● TASK ITEM: For the entries below, the result should be an exact transcription of the lines from the one with "A grainy picture" up to and including the one with "Eiffel Tower on", and only those.

[Data excerpts]
--- START ---
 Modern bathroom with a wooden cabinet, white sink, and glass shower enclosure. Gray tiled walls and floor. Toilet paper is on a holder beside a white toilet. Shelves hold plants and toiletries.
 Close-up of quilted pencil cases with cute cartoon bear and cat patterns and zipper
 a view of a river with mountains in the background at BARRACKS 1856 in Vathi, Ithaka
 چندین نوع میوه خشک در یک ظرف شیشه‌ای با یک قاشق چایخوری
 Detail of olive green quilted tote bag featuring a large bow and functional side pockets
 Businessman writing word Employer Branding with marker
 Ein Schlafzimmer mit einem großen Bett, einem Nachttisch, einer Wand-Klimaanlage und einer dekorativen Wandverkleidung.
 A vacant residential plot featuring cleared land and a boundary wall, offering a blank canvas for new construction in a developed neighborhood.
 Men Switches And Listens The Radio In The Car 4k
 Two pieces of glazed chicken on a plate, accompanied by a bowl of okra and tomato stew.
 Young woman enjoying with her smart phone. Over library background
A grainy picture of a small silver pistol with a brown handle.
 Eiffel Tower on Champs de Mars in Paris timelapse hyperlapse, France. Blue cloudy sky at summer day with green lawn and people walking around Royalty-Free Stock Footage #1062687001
--- END ---
--- START ---
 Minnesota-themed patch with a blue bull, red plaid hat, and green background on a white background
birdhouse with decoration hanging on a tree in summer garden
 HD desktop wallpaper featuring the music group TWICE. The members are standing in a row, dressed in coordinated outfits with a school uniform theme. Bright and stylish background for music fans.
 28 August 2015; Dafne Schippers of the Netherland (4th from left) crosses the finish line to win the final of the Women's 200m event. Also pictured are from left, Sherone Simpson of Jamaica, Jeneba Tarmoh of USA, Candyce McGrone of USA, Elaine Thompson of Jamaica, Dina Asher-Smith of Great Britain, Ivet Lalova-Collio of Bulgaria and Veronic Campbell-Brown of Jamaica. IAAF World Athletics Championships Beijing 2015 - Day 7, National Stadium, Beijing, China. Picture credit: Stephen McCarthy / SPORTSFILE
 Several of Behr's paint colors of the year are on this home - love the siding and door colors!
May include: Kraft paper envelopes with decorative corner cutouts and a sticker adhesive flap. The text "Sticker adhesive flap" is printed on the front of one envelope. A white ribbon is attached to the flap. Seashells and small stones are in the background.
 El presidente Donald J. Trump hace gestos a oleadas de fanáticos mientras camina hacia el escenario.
--- END ---
● TASK RESPONSE:
A grainy picture of a small silver pistol with a brown handle.
 Eiffel Tower on Champs de Mars in Paris timelapse hyperlapse, France. Blue cloudy sky at summer day with green lawn and people walking around Royalty-Free Stock Footage #1062687001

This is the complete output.